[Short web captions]

------------------------------------------------

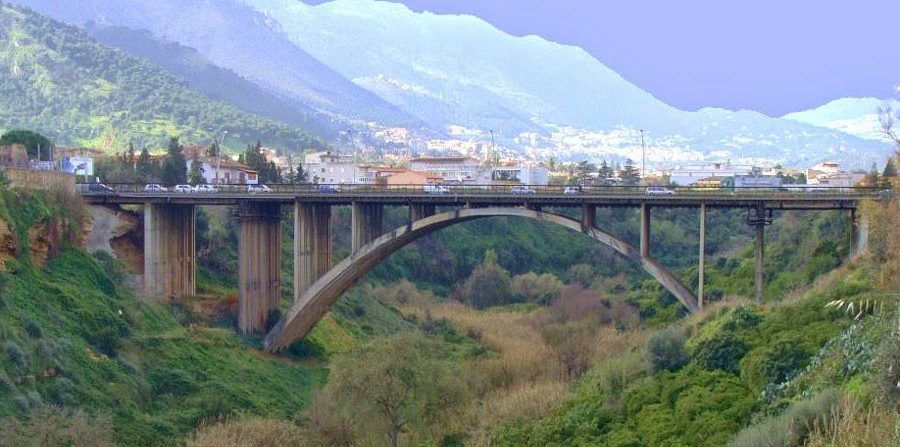 Ponte Corleone a Palermo, dopo caos riapre temporaneamente corsia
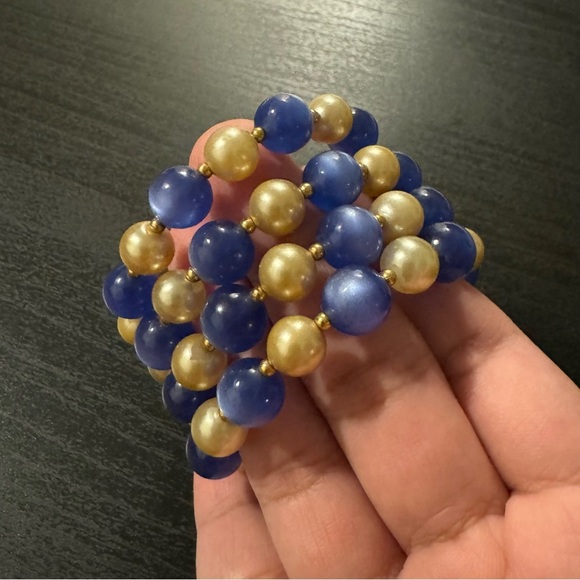 ⚜️3 for $30⚜️ Pearlescent Ivory and Blue Beads Beaded Wrap Bracelet - Picture 8 of 10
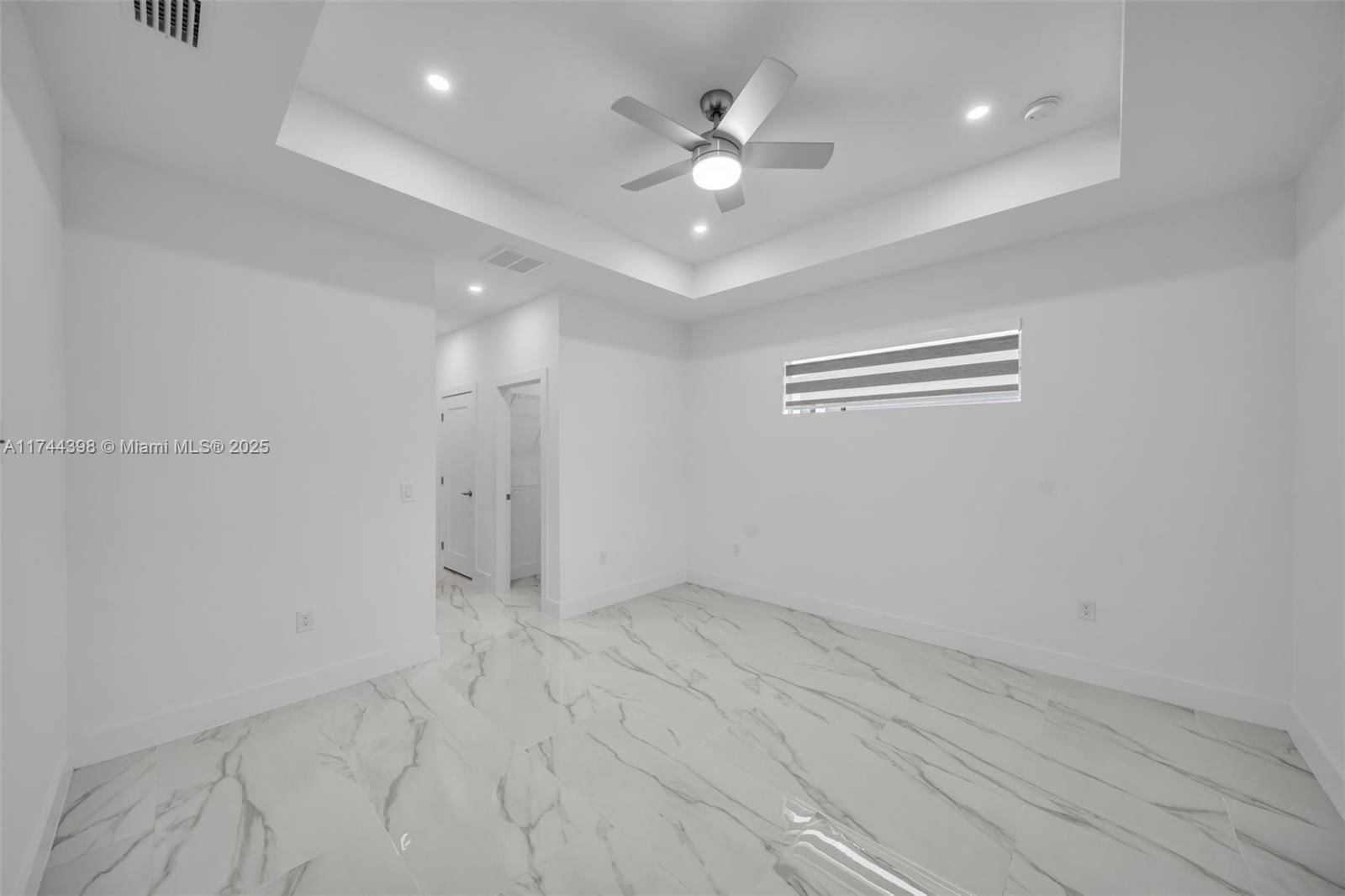 Real estate property located at 1009 El Dorado Blvd N, Lee, Cape Coral, Cape Coral, FL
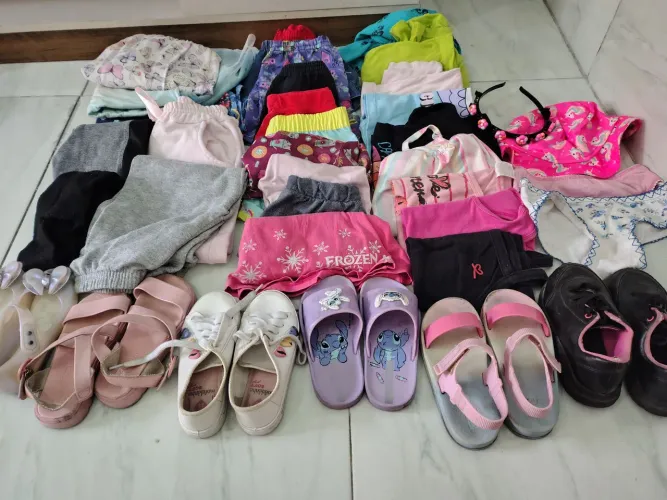 Lotinho de roupas 3/4 anos 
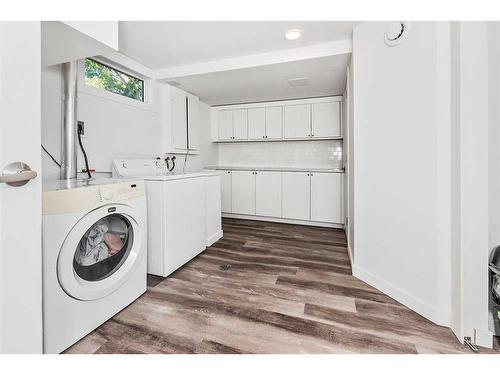 5 Mccune Avenue, Red Deer, AB - Indoor Photo Showing Laundry Room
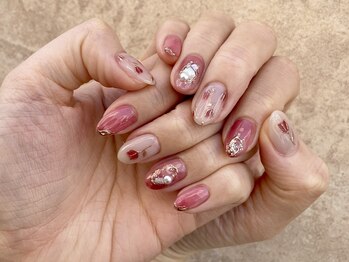 うるうるチューリップネイル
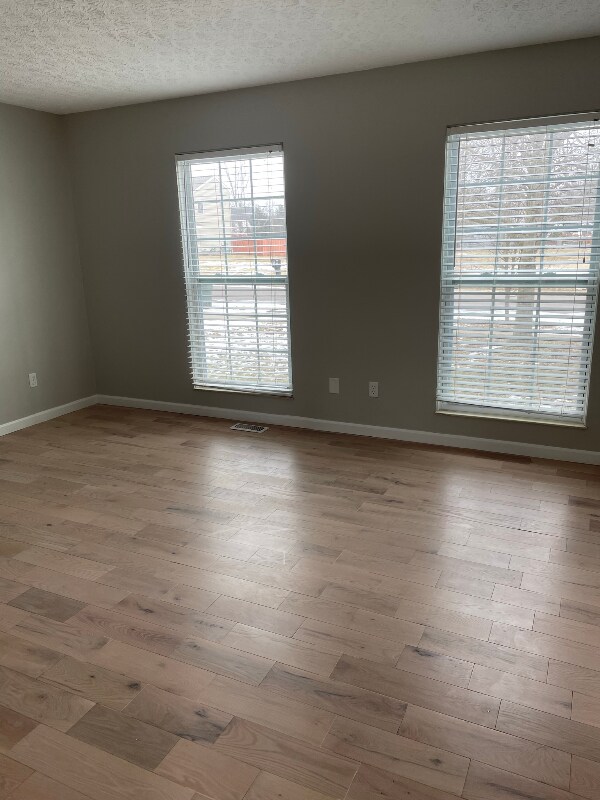 Foto del edificio - 1229 Crossbrook Blvd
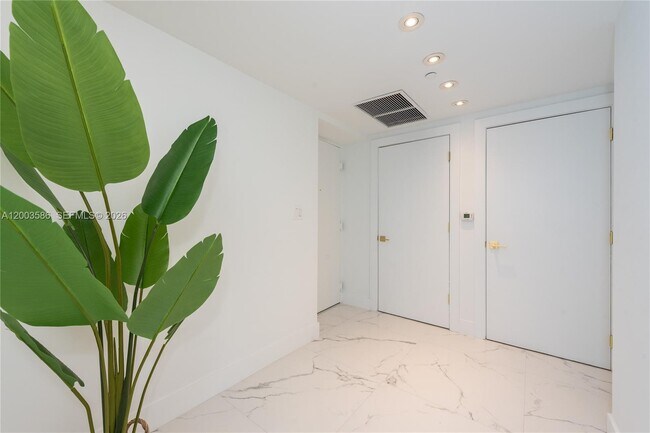 Building Photo - 500 Brickell Ave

------------------------------------------------

Task objective:
The lines to retype run from the one containing "Real estate property" through the last line of the records above; write them exactly and skip the pictures.

Task response:
 Real estate property located at 1009 El Dorado Blvd N, Lee, Cape Coral, Cape Coral, FL
 Lotinho de roupas 3/4 anos 
 5 Mccune Avenue, Red Deer, AB - Indoor Photo Showing Laundry Room
 うるうるチューリップネイル
 Foto del edificio - 1229 Crossbrook Blvd
 Building Photo - 500 Brickell Ave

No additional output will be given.